> _WHAT IS BEING ASKED_: Could you reproduce, from the records below, everything from the line with "plaque led 10w" down to the line with "image for page", keeping both of those lines and changing nothing?

> _THE INPUT_:
****

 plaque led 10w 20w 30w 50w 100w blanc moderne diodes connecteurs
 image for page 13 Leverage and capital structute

****

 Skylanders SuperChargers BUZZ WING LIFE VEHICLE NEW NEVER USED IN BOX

****

> _ANSWER BOX_:
 plaque led 10w 20w 30w 50w 100w blanc moderne diodes connecteurs
 image for page 13 Leverage and capital structute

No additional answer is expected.